Still, warnings of a Chinese financial reckoning resurface now and again. In 2014, when a Chinese solar-panel manufacturer defaulted on bonds, some intoned that this could be China’s “Bear Stearns moment,” referring to another U.S. investment bank that collapsed in 2008. But can anyone even remember the name of that Chinese company anymore? (Shanghai Chaori Solar Energy Science and Technology, for the record.)

But instead of introducing reforms to establish a healthy market-based economy in which inefficient businesses are allowed to fail, China’s Evergrande-style fixes — while defusing short-term crises — reward irresponsible behavior and perpetuate the excessive borrowing and wasteful use of funding that leads to recurring financial distress.

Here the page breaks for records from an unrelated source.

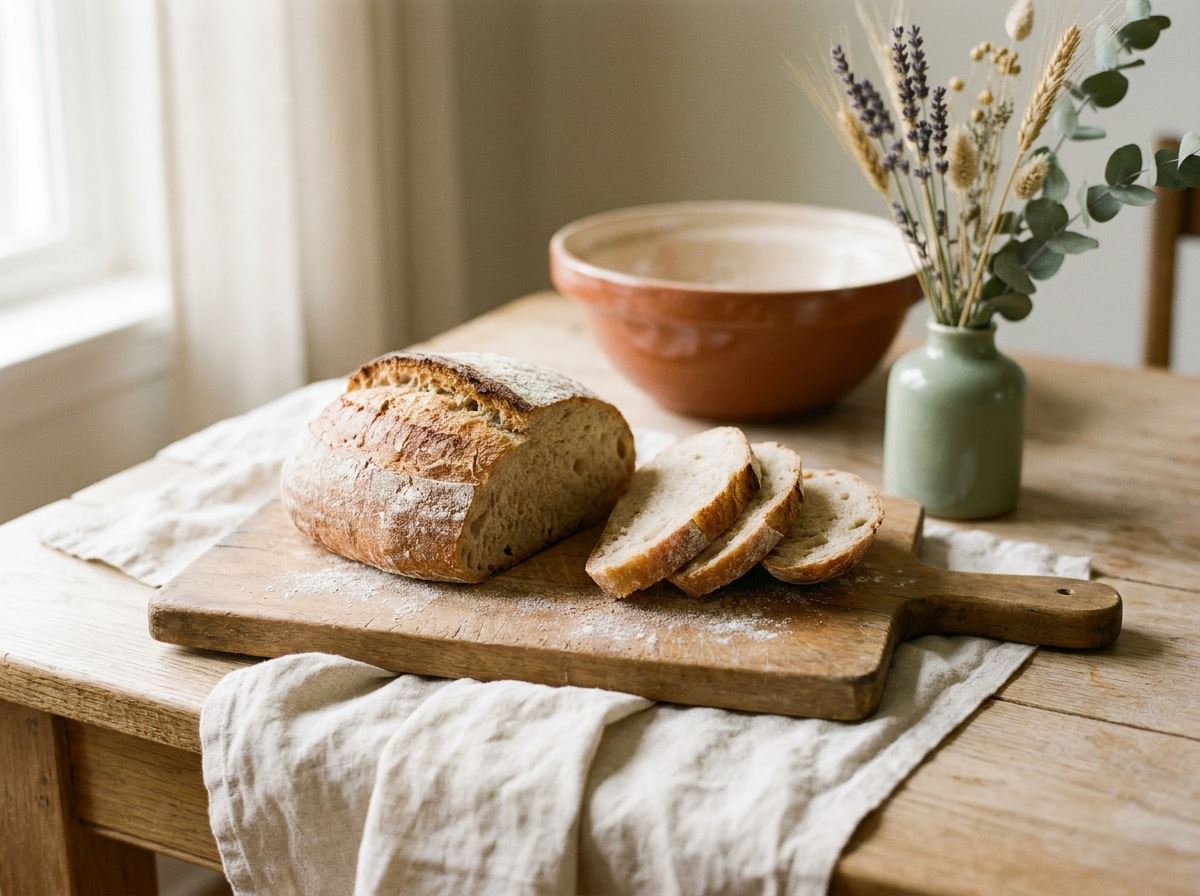 Frisch gebackenes Brot, angeschnitten auf einem Holzbrett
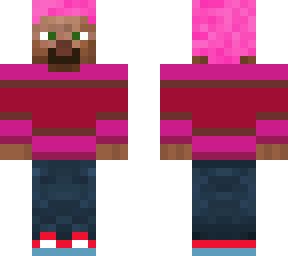 steve in a pink sweater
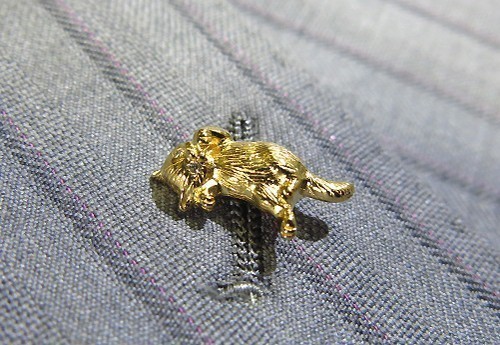 K18 yellow gold cat tie tack cat cat diamond 0.01ct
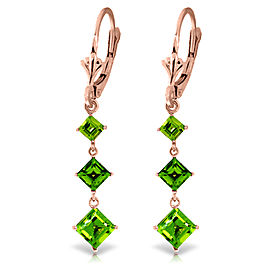 4.79 CTW 14K Solid Rose Gold Chandelier Earrings Peridot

Soft landings may become harder to achieve. China faces perhaps its greatest array of economic challenges since it began reopening to the outside world in the late 1970s: high debt, an ailing real estate sector, a long-term economic slowdownrising unemployment, an aging and shrinking population and worsening trade and diplomatic relations with the United States.

There is a very real risk that China could suffer the same fate as Japan, which is still struggling to emerge from an extended period of economic stagnation that began in the 1990s. Japan’s troubles were caused, in part, by a burst real estate bubble and financial-sector problems similar to what China is now facing.

China’s regulatory troubleshooters have proved the financial doomsayers wrong again and again. But their biggest test may yet lie ahead.